Yes, if you have an internet connection to the server, there's an occasional update to the server regarding your recent best structures (even if they aren't the overall best). That should be counted even if things cross puzzle expiration.

jeff101 Lv 1

A book of Abstracts for CASP16 has been posted at https://predictioncenter.org/casp16/doc/CASP16_Abstracts.pdf Foldit/Drugit appears on pp.83-84. Abstracts for other groups doing protein-ligand binding are also listed. Among these groups are arosko (pp.23-24), ClusPro and Kozakov/Vajda (pp.41-42), DeepFold-Interact (pp.72-74), DIMAIO (pp.79-80), GruLab; Convex-PL-R; KORP-PL-W (p.100), Haiping (pp.114-115), Huang-HUST (Lig) (pp.116-117), isyslab-hust (LIG) (p.125), Koes (pp.132-134), KUMC (pp.135-136), LCDD-Team (pp.140-141), McGuffin (pp.149-152), Pfaender (p.203), PocketTracer (pp.211-212), Schneidman (pp.220-221), SNU-CHEM-lig, SNU-CHEM-aff (Ligand) (pp.225-227), VoroAffinity, VoroAffinityB (p.242), Zou_lab (pp.257-259), and CoDock (pp.273-274).

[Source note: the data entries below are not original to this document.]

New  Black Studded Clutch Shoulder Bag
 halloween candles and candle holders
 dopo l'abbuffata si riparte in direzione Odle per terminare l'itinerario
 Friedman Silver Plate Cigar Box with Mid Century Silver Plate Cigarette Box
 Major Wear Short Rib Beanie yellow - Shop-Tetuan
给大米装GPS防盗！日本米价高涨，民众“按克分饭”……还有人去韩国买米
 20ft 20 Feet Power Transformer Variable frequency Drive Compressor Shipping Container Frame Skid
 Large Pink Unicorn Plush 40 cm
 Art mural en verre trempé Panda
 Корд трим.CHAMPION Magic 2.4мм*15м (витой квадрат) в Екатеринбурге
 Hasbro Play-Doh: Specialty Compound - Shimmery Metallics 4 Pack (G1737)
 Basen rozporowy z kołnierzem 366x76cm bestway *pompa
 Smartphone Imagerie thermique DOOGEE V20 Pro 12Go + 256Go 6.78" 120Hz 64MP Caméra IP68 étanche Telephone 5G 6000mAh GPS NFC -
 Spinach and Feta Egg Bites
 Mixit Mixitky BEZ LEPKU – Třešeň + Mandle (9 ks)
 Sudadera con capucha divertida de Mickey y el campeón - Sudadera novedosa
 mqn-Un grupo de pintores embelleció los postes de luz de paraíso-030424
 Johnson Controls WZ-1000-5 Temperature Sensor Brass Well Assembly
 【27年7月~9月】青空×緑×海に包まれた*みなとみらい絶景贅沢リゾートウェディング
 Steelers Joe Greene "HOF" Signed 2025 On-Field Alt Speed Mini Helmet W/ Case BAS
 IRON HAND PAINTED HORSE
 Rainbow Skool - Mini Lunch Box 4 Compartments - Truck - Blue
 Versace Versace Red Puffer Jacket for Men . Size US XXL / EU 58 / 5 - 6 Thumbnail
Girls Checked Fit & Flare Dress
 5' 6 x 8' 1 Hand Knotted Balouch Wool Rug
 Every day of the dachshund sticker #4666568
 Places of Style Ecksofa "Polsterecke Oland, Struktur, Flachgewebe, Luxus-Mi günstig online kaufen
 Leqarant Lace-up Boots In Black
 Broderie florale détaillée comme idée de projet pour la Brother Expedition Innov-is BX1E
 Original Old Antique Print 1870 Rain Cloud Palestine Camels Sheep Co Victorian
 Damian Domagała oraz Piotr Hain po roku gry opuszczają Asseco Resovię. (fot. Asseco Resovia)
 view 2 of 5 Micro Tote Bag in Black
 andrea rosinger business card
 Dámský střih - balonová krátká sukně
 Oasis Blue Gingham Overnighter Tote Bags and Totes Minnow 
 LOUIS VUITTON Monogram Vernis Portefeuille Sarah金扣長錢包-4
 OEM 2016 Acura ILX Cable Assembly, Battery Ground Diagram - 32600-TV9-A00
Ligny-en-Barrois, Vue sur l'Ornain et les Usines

Some groups used a mix of computer tools & human intuition. Among these are CSSB-Human (TS, Assembly) (pp.65-66) and GromihaLab (pp.97-99).

jeff101 Lv 1

For CACHE #2 & #3 and CASP16, it will be neat to see the experimentally-determined ligand-bound protein structures for all the ligands they tested. I'm guessing that for Foldit to more effectively find these structures, some changes to Foldit's scoring function are needed. This might mean including bonuses for objectives like BUNS and hydrogen-bond clusters, like we once had for protein dimer, trimer, and other multimeric complexes. It might also mean better accounting for interactions between the protein, ligand, and halogen atoms (-F -Cl -Br -I). For example, from the article called "Principles and Applications of Halogen Bonding in Medicinal Chemistry and Chemical Biology" by Rainer Wilcken et al in the Journal of Medicinal Chemistry 2013, 56, 4, 1363-1388 (https://dx.doi.org/10.1021/jm3012068), it seems like if Rosetta/Foldit included a hydrogen-bond like term for halogen atoms about 3 Angstroms away from protein-backbone carbonyl oxygens, then Rosetta/Foldit could treat one of the most common ligand-protein halogen bonds. pp.1379-1383 in this article also cite a number of "new" (in 2012) algorithms and forcefields for halogen-bonding working their way through the literature.

jeff101 Lv 1

If certain groups in CACHE or CASP16 did really well at ranking binding affinities for ligands with halogens, it would be good to know how they did this. Did they use forcefields that could be incorporated into Foldit?